The Aspiring Jersey Island Geopark Visitor Centre, which is located in the John de Veulle Gallery on the ground floor of Jersey Museum, includes sounds recorded around the island, geological facts and figures, film footage of underwater life, and information on the island’s wildlife.
Pictured: The centre explores the island's geological heritage.
The other key aim of the centre is to show what a Geopark could mean for Jersey, and how people can get involved in it.
Jersey Heritage, the Société Jersiaise, Jersey National Park, Young Archaeologists’ Club, Jersey Biodiversity Centre and the Blue Marine Foundation are already all involved.
Geoparks are areas recognised and designated by UNESCO for their outstanding landscapes, of which there are currently 169 across 44 countries.
UNESCO’s own website describes the Geoparks as “single, unified geographical areas where sites and landscapes of international geological significance are managed with a holistic concept of protection, education and sustainable development.”

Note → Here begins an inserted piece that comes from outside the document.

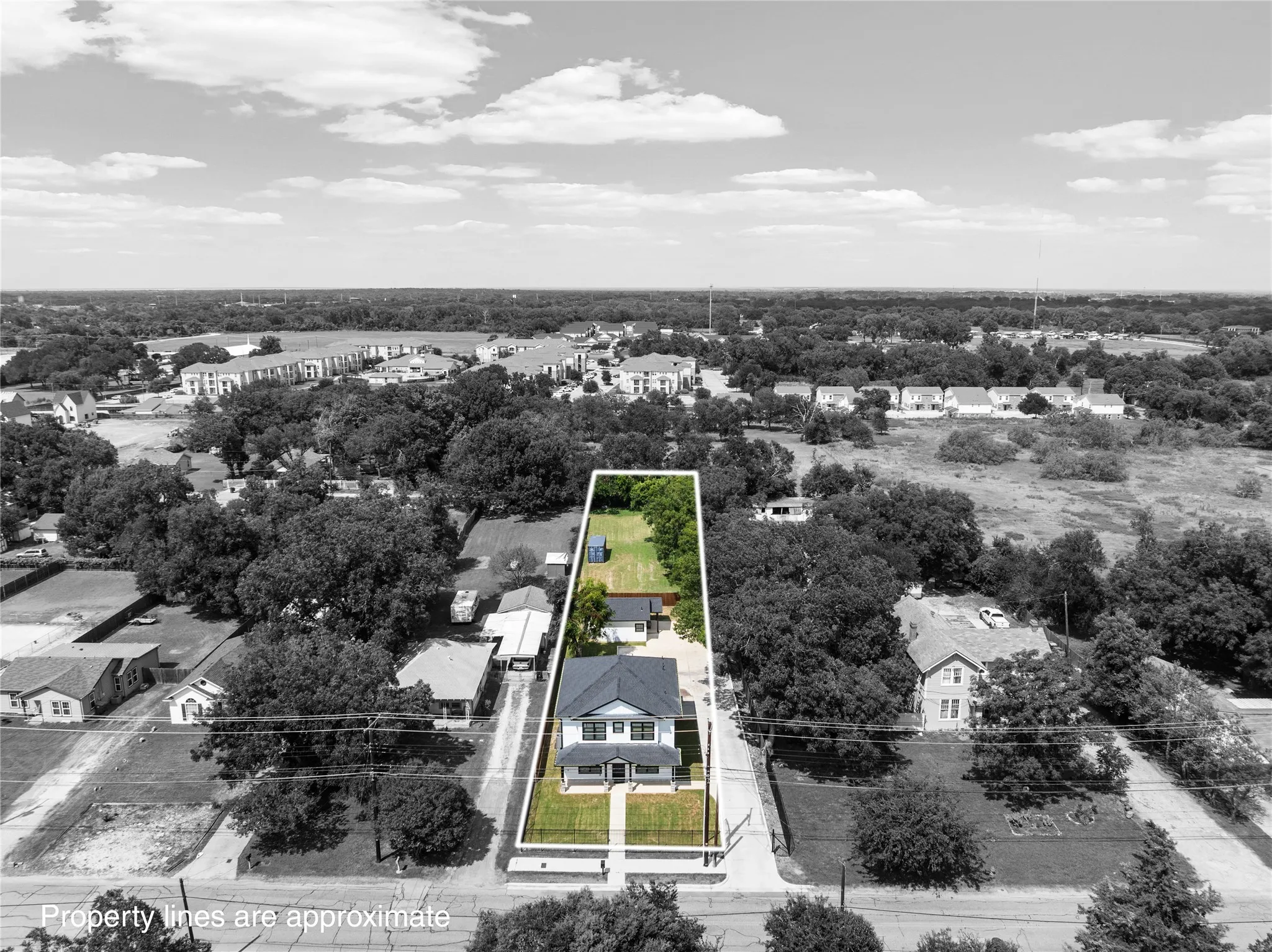 Single Family Residence For Sale in Mc Lennan County , 3008 S 3rd Street, Waco, Texas 76706, 5 Bedroom, 6 Bathroom, Garage spaces, 2,675 Sqft, built in 2023, mls#21342202, Real Estate Agent in Waco, Homes For Sale in Mc Lennan county, Homes For Sale in Waco, Realtor in Waco Texas, Real Estate Brokerage Independent Realty Texas, Luminita Cordes Realtor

Pictured: The centre is dotted with facts and figures about Jersey's wildlife.
Millie Butel, Jersey Heritage’s Landscape Engagement and Geopark Development Curator, said: “Jersey is more than just the rock it is made of – our Island is an incredible combination of natural, built and intangible heritage.
"A Geopark can tell the whole story and, if Jersey is successful in achieving a designation, it will be a statement of commitment to protect the Island we all love and to promote the landscapes, seascapes and heritage that are important to islanders.
“The aim of the Visitor Centre is to introduce the Aspiring Geopark project and encourage people to explore Jersey and discover its stories along the way.
“The island has been shaped by tide and time over millions of years. Jersey’s exceptional geology and important cultural heritage form the outstanding surroundings we enjoy every day.”
Pictured: If Jersey were to become a Geopark, it would join 169 others across 44 countries.
She added: “Every stakeholder organisation is key to the success of the Aspiring Jersey Island Geopark project. As part of the Visitor Centre, the Gardiens have shared their favourite parts of Jersey to highlight some of the reasons why the Island is so special.
“We hope that people visiting the Centre will be inspired to consider how they are Jersey’s gardiens, and go out to find their own favourite spots and share them with us.”
Hannah Culshaw, Chief Corporate Officer of Saltgate, which is sponsoring the centre, said: “Working towards becoming a Geopark will help Jersey tell our story to the world – it’s a great way to celebrate our environment, boost tourism, and help people connect with the natural world.”